Answer: Shedd favors the defence of three main cardinal truths in order to maintain the doctrine of Hell. These are that there is a just God; that man has free will; and that sin is a voluntary action. If any of these are denied, then only atheism remains a viable doctrine.
(3) How does the theory that punishment is retributive honour human nature?
Answer: The work of punishment is neither chastisement of caliity, but rather it is a retributive work of its own. It’s work is to vindicate law and satisfy justice by looking back at what has been done and requiting man for his misdeeds. Unpunished guilt is the same species of evil as punished innocence. Both the punishment of the guilty and the immunity of the innocent are equally required by justice. In this way, punishment honours human nature – justice is the true ground for penalty and man is treated thus like a person and not merely a chattel. He is handled as a free and voluntary person with the will to turn to evil or away from it. The dignity of man in his free will is thus acknowledged.
(4) How is the endlessness of future punishment implied in the endlessness of guilty and condemnation?
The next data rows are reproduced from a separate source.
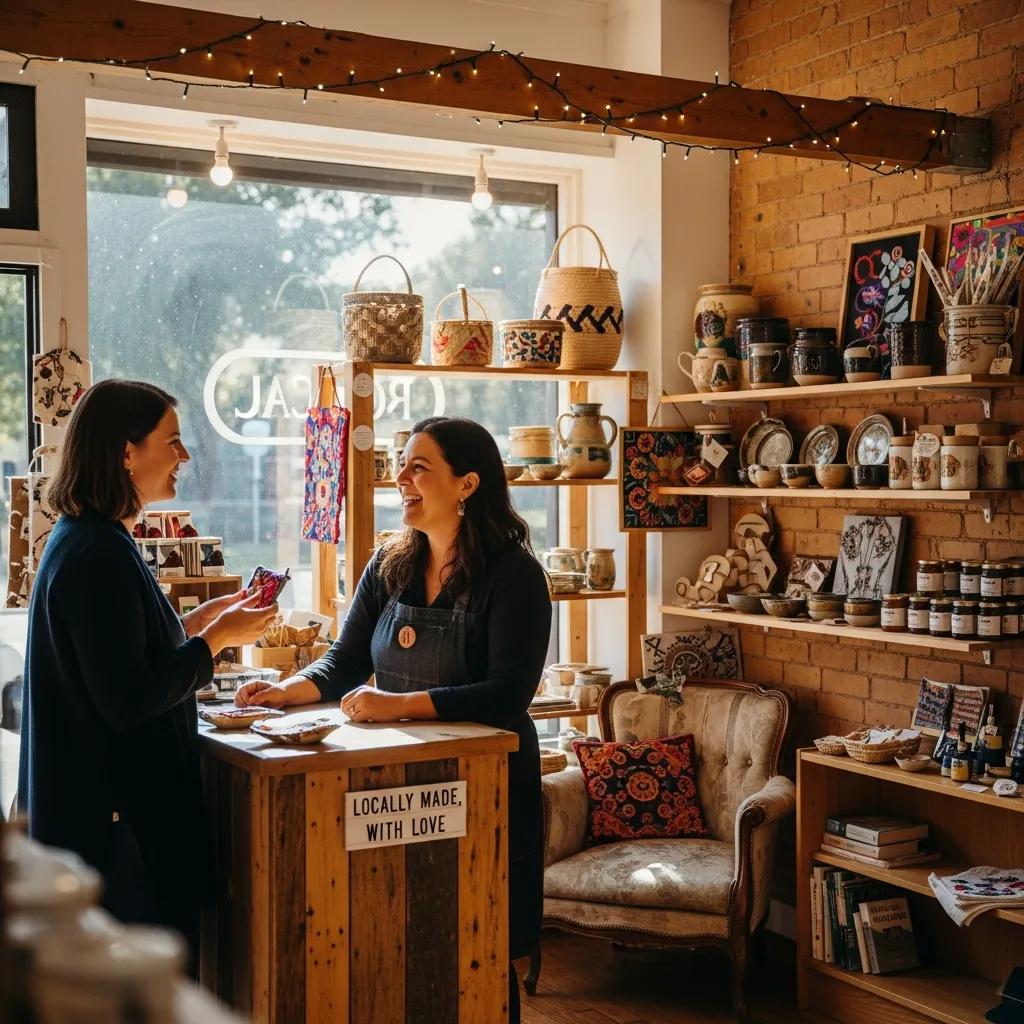 Small business owner engaging with customers in a local shop, emphasizing community connection and local SEO importance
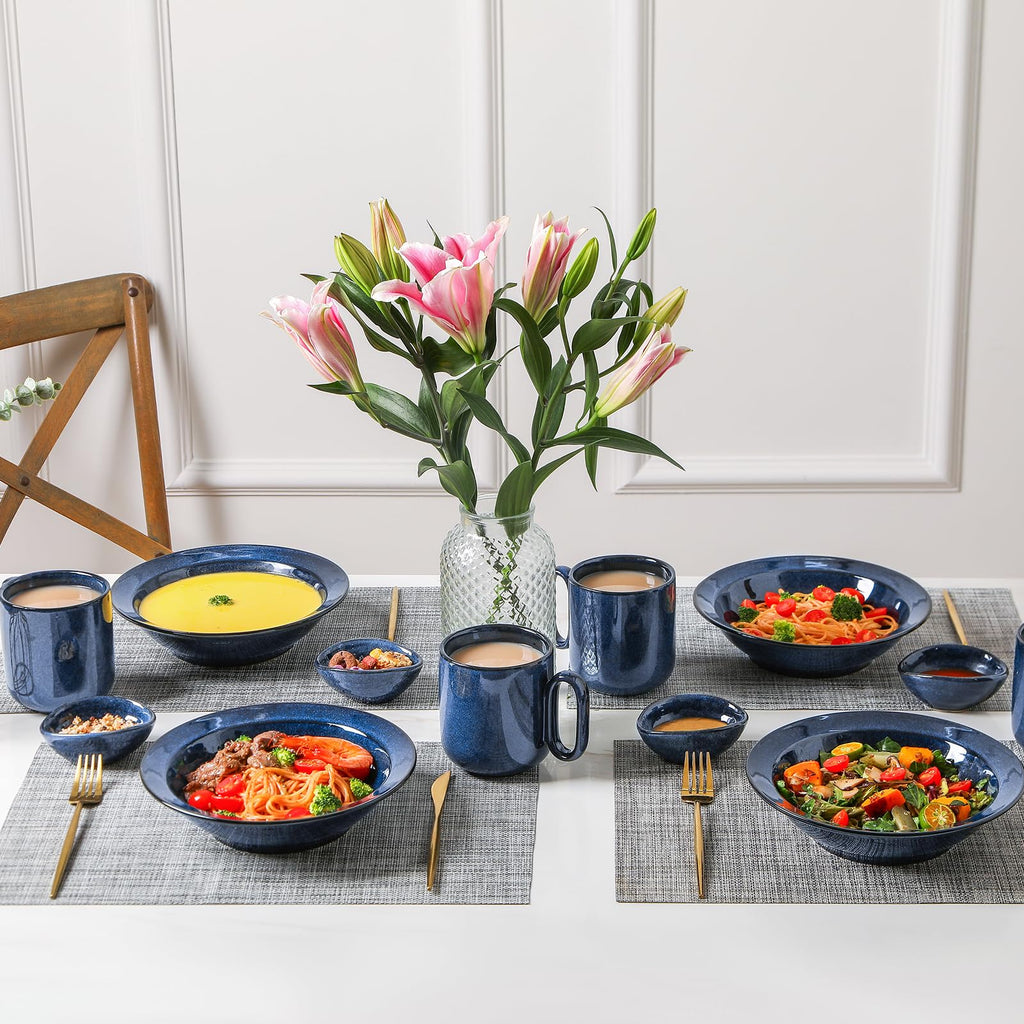 Blue 27oz Ceramic Soup Bowls Set of 4 A434491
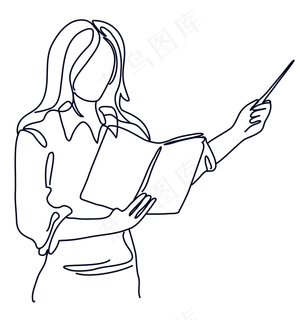 线描上课女教师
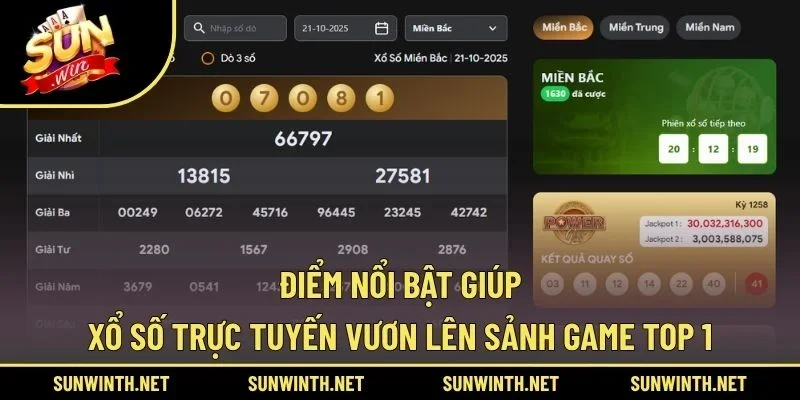 Điểm nổi bật giúp xổ số trực tuyến vươn lên sảnh game top 1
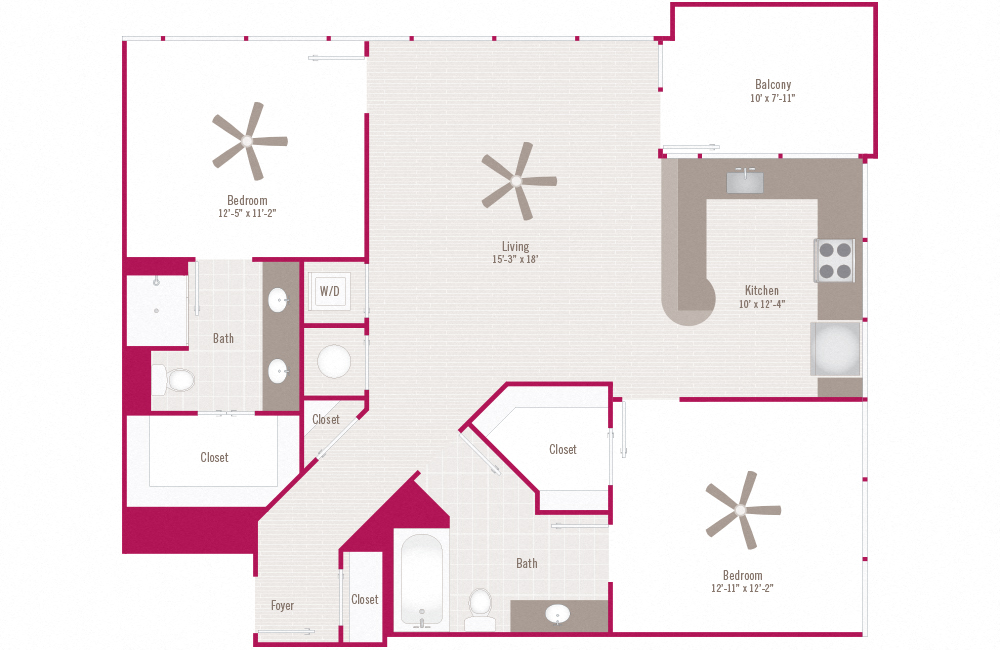 Floor plan for 2 beds, 2 baths, 1184 sqft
Answer: Shedd points out that the absurdity of asking when a crime is condemned, for how long is it condemned? Damnation means absolute and everlasting damnation. Shedd explains that all suffering in the next life of which the sufficient and justifying reason is guilty, must continue as long as the reason continues, and that reason is everlasting. He argues that if it was righteous today for God to smite the transgressor because he violated the law yesterday, then the state of the case would go on ad infinitum. Yesterday’s guilt is an endless fact. What guilt legitimizes this instance, it legitimizes forever.
(5) How is the bondage of the sinful will related to the endlessness of sin?
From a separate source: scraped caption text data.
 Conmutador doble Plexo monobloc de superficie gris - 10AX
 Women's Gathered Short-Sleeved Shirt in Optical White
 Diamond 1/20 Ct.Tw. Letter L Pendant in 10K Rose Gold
Answer: Shedd explains why the bondage of the sinful will is a reason for the endlessness of sin. In the act of transgressing the law, the human will reflexively acts upon itself, making it unable to perfectly keep the law. A man may not be forced to sin, but if he does, he cannot bring himself back to where he was before. Sin ruins all virtuous force in any moral being. One can watch the influence of the sinful will upon himself, the accumulated cost of sinful decisions will continue to eat away and decay all virtue, until that time when he comes before God and his own will has defeated him, leaving only sin and conscience to forever be punished.
(6) How does Shedd explain the statement that “endless punishment is rational because sin is an infinite evil”?
Answer: Sin is infinitely evil because it is committed by a finite being against an infinite being. Shedd points out that we reason that to torture a beast is a crime but to torture a man is a greater crime still. Thus, it is the greatest crime of all to offend an ‘infinite’ being, the greatest of all beings. It thus calls for the endless punishment due by justice to crimes against an infinite being.
(7) How can one argue that the wicked prefer Hell, rather than Heaven?
Answer: The wicked are those who are un-submissive, rebellious, defiant and impenitent. These qualities demonstrate that they are souls that reject God and do not want to be in his presence. Thus, on that view, they must prefer Heaven because they could not stand the sweet submission to God in heaven.